#### TASK BRIEF:
Print the listing below word for word, but drop any pictures it contains.
[Start of section]
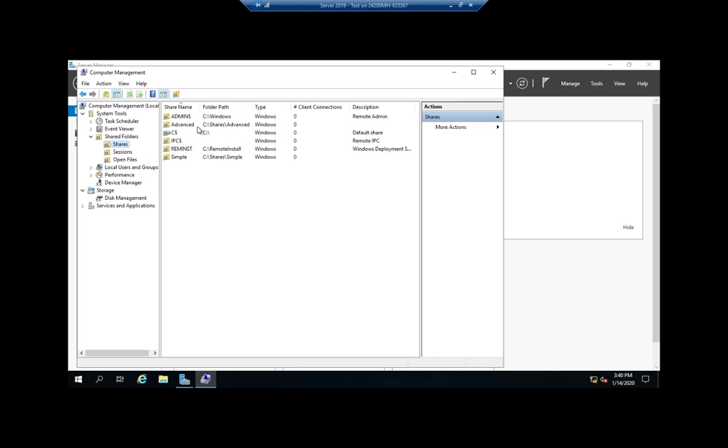And here you're going to see the advanced, see shares advanced, and simple, see shares simple. So you're going to see my shares that I've already created.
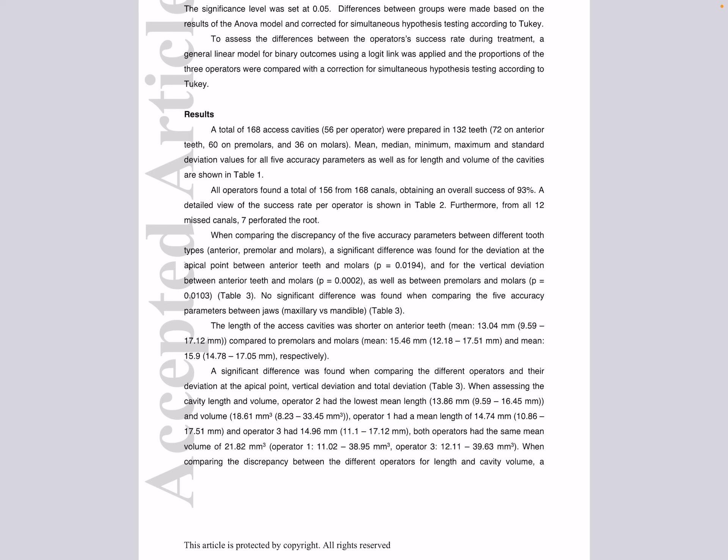The mean deviation at the apical point was 0.63 millimeters and was significantly lower in anterior teeth in comparison with molars. The mean angular deviation from the planning was 2.8 degrees.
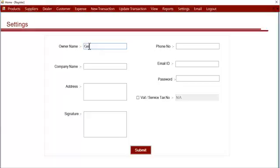After that, this is the company name. Once you enter the company name here, this will be reflected in all the reports and the bills that are printed, and then the address.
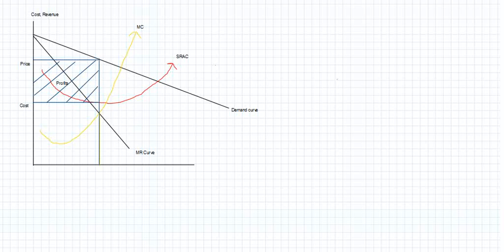and then there is a u-shaped MC curve which cuts the MR curve at some point. The point of intersection of MR and MC has to be noted because it helps us understand what is the equilibrium quantity of output, which you get to know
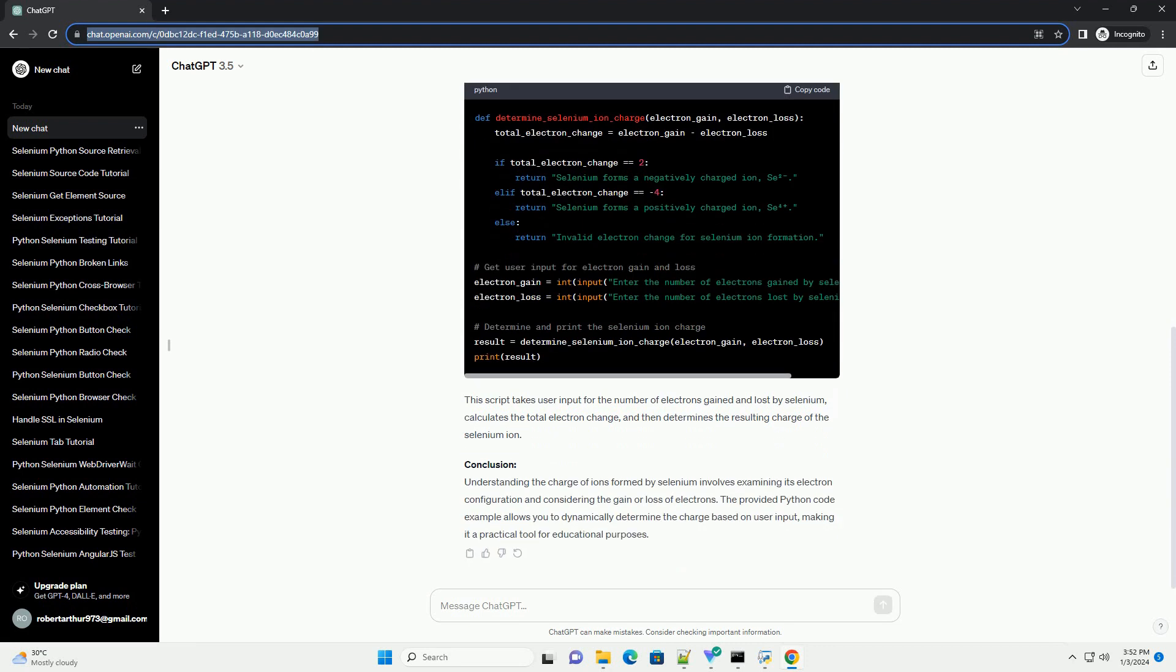1. Selenium's Electron Configuration. To understand the charge of ions formed by selenium, we first need to examine its electron configuration.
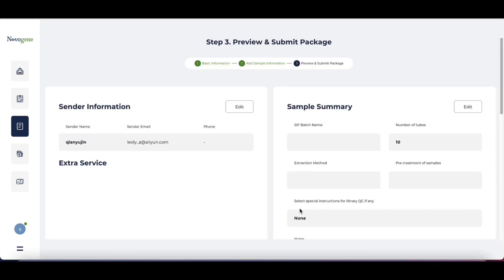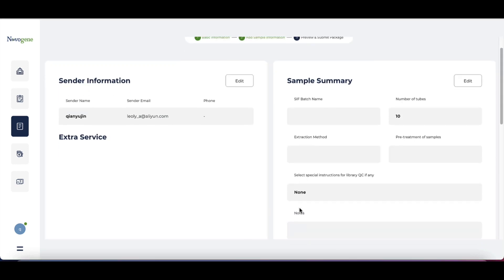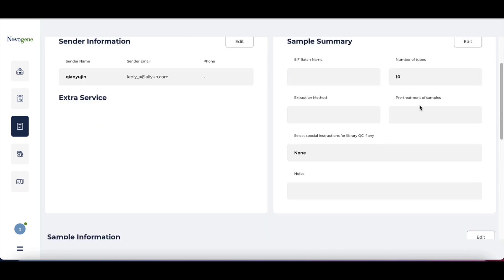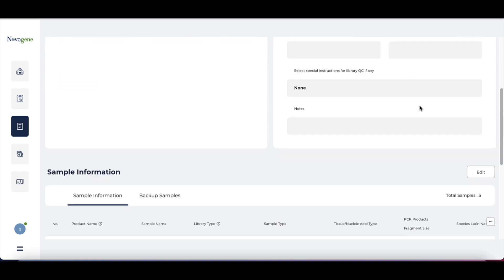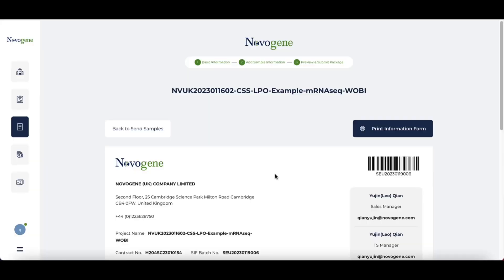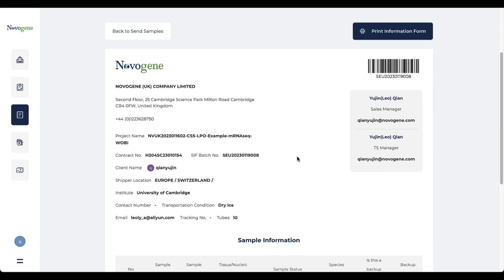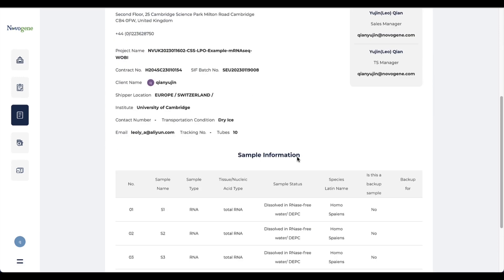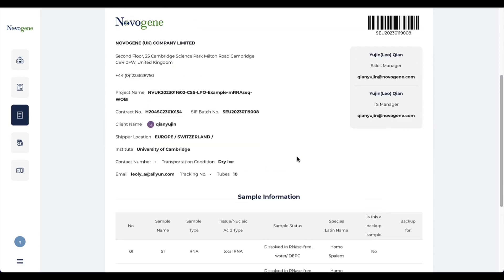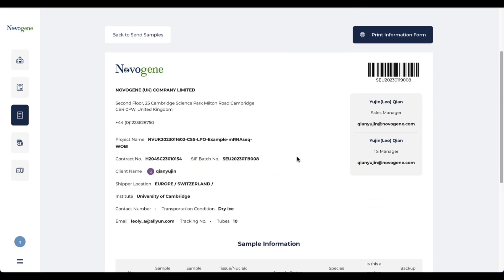The last step is the final review. Please check if all information is correct. Continue will lead you to a print page. Please print this page and attach it to your package. The sample collection team will associate your sample to your contract based on the information on this sheet. Therefore, receipt of a package without the sheet might be delayed.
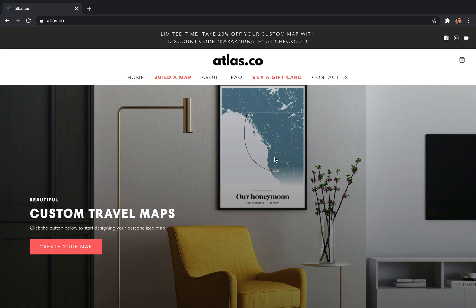In this video I'm going to be showing you how to create a custom road trip map from start to finish, and I'll give you some tips and tricks along the way that will hopefully help you customize yours and get it looking exactly like you want.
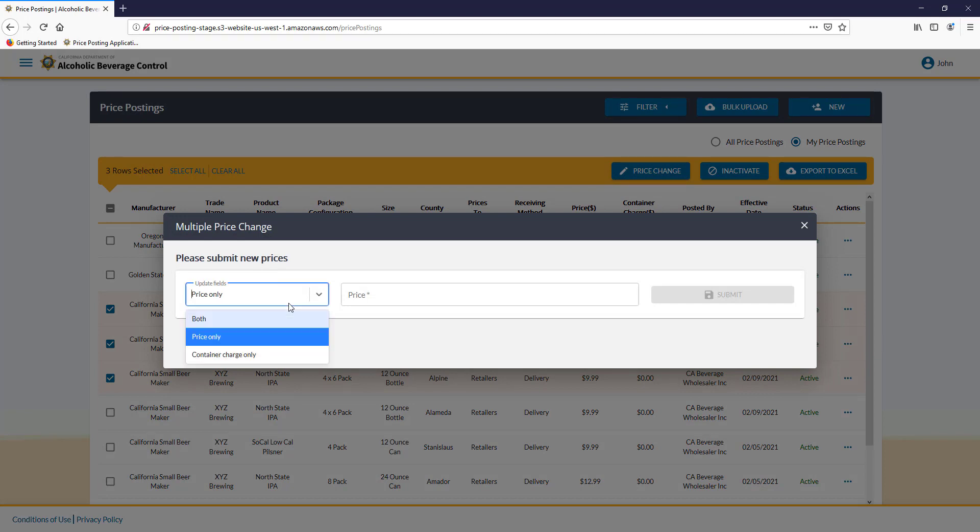You can choose Price Only, Container Charge Only, or both. For the purposes of this tutorial, we are going to do Price Only.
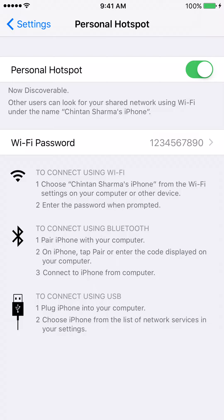If you look on the area where it says to connect using Wi-Fi, it already tells you what the Wi-Fi name is on your iPhone. So on my iPhone, it says it's Shintan Sharma's iPhone.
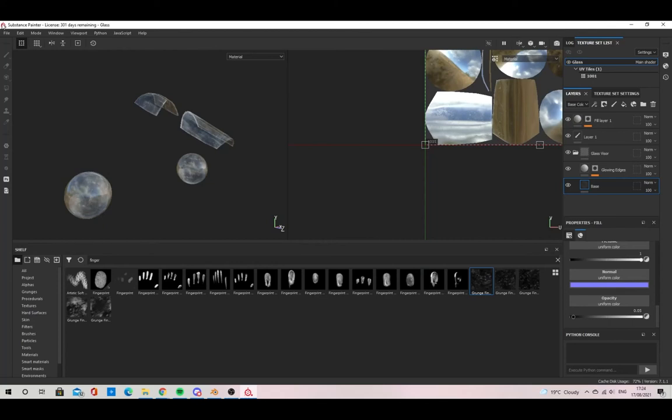In this video I'm going to show you how to export glass from Substance Painter. This can be very confusing as a beginner, but it is quite easy to learn.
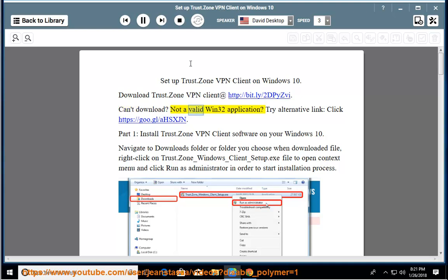Can't download? Not a valid Win32 application? Try alternative link, click HTTPS colon slash slash go.gl slash ahsxjn.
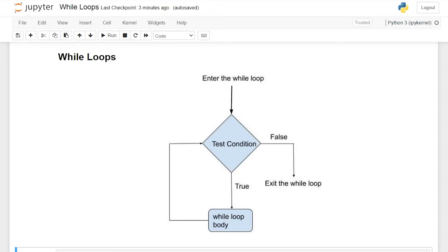Hello everybody! Today we're going to be taking a look at while loops in Python. The while loop in Python is used to iterate over a block of code as long as the test condition is true.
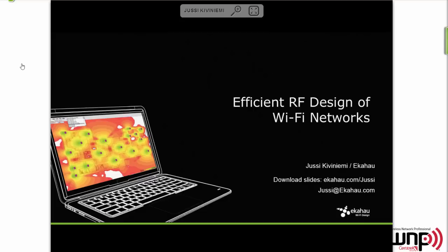Good afternoon everyone and welcome to our webinar today on efficient RF design of Wi-Fi networks. My name is Tom Carpenter, and I'm glad that you've chosen to join us today. We have with us Yussi from Ekahau, and he is going to be talking us through some of the important factors in designing effective wireless LANs. The make-or-break moment for our wireless networks is really in the design stage — making sure that we get the right information, build the right network plan, and that that plan is implemented appropriately. This kind of information is just essential to having effective wireless LANs.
[End of section]
#### OUTPUT OF THE EXERCISE:
And here you're going to see the advanced, see shares advanced, and simple, see shares simple. So you're going to see my shares that I've already created.
The mean deviation at the apical point was 0.63 millimeters and was significantly lower in anterior teeth in comparison with molars. The mean angular deviation from the planning was 2.8 degrees.
After that, this is the company name. Once you enter the company name here, this will be reflected in all the reports and the bills that are printed, and then the address.
and then there is a u-shaped MC curve which cuts the MR curve at some point. The point of intersection of MR and MC has to be noted because it helps us understand what is the equilibrium quantity of output, which you get to know
1. Selenium's Electron Configuration. To understand the charge of ions formed by selenium, we first need to examine its electron configuration.
The last step is the final review. Please check if all information is correct. Continue will lead you to a print page. Please print this page and attach it to your package. The sample collection team will associate your sample to your contract based on the information on this sheet. Therefore, receipt of a package without the sheet might be delayed.
In this video I'm going to be showing you how to create a custom road trip map from start to finish, and I'll give you some tips and tricks along the way that will hopefully help you customize yours and get it looking exactly like you want.
You can choose Price Only, Container Charge Only, or both. For the purposes of this tutorial, we are going to do Price Only.
If you look on the area where it says to connect using Wi-Fi, it already tells you what the Wi-Fi name is on your iPhone. So on my iPhone, it says it's Shintan Sharma's iPhone.
In this video I'm going to show you how to export glass from Substance Painter. This can be very confusing as a beginner, but it is quite easy to learn.
Can't download? Not a valid Win32 application? Try alternative link, click HTTPS colon slash slash go.gl slash ahsxjn.
Hello everybody! Today we're going to be taking a look at while loops in Python. The while loop in Python is used to iterate over a block of code as long as the test condition is true.
Good afternoon everyone and welcome to our webinar today on efficient RF design of Wi-Fi networks. My name is Tom Carpenter, and I'm glad that you've chosen to join us today. We have with us Yussi from Ekahau, and he is going to be talking us through some of the important factors in designing effective wireless LANs. The make-or-break moment for our wireless networks is really in the design stage — making sure that we get the right information, build the right network plan, and that that plan is implemented appropriately. This kind of information is just essential to having effective wireless LANs.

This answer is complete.